Newcomers Guide: Bell County Overview | Welcome to Killeen | City Services | Housing

Published by: Jennifer | Published on: 01 Aug, 2017
Newcomers Guide: Bell County Overview | Welcome to Killeen | City Services | Housing

Published in the Greater Killeen Business Quarterly 2017 Newcomers Guide 

Bell County Overview

Located in the heart of Central Texas, Bell County offers a little bit of everything: big city amenities in Killeen, famous live music in Belton, eclectic offerings in Salado and various outdoor activities throughout the region. Bell County has something for everyone!

Of the 254 Texas counties, Bell County is 16th largest with a population of more than 326,000 and is home to 12 communities. Killeen is the county’s largest city, followed by Temple, while Belton serves as the county seat. Bell County comprises some 1,051 square miles of land and 36.9 square miles of water.

The area comprising Bell County has been the site of human habitation since at least 6000 B.C. and early settlers found a rich wildlife population of deer, wild turkeys, wolves, bear, buffalo, antelope, wild horses, ducks, geese, wild hogs and an occasional alligator. While the buffalo, bear, and hogs were hunted to extinction in the county in the 19th century and the last alligator was killed in 1908, Bell County still provides habitat for many wild species, including deer, antelope and numerous species of birds.

The area was first settled in 1834, and the county was officially formed in 1850. By 1870, the county had a population of nearly 10,000. The growth of the Fort Hood-Killeen area was matched by developments in the rest of the county. Bell County’s population shot up to 73,824 in 1950 and increased by 27 to 32 percent every decade thereafter to reach more than 310,000 in 2014.

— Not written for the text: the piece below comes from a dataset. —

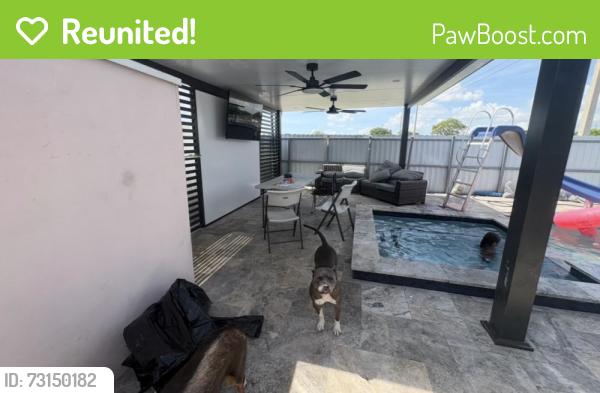 Reunited Female Dog last seen Hard rock Stadium, Lot, 30 exit, Miami Gardens, FL 33055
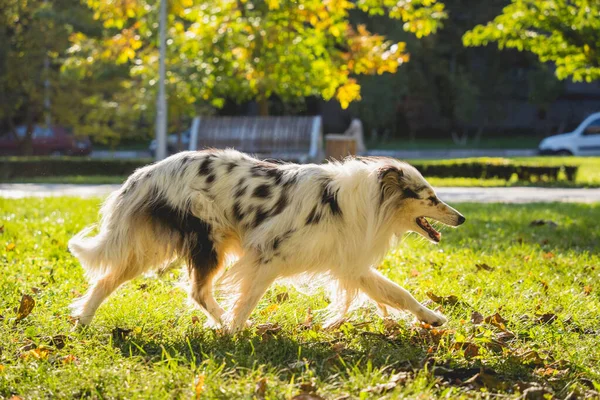 Potret anjing collie kasar lucu di taman. — Stok Foto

Harker Heights neighbors Killeen to the east and is one of the fastest-growing communities in Bell County. The city’s population, currently more than 28,000, is expected to grow to more than 30,000 – or approximately 7.5% – by 2022. This is due in large part to the city’s close proximity to Fort Hood, as well as abundant recreational activities provided by numerous city parks and Stillhouse Hollow Lake. Harker Heights also boasts an impressive Farmers Market at Seton Hospital each Saturday from May-October, and a Community Garden year-round. Ample dining, retail and entertainment options are available in the city, and that number will continue to grow with the population.

The City of Nolanville is a growing, vibrant community that maintains the small-town atmosphere located in the heart of Central Texas. With an estimated population of around 5,000, the City strives to live up to its motto of “A Great Place to Live” by offering its residents beautiful scenery and a friendly community feeling.

Belton, home to an estimated 21,000 people, is the county seat. New residents continue to be drawn to Belton by outstanding schools, great parks and the University of Mary Hardin-Baylor. Chartered by the Republic of Texas in 1845, the historic college campus provides both students and area residents with educational, cultural and recreational opportunities. Providing a natural backdrop to historic Belton are more than 160 acres of parkland throughout the city. Situated along Belton Lake, Belton is a city abounding with parks and recreational opportunities. Beautiful Nolan Creek meanders through central Belton where residents and visitors can enjoy a walk along the Nolan Creek Hike and Bike Trail.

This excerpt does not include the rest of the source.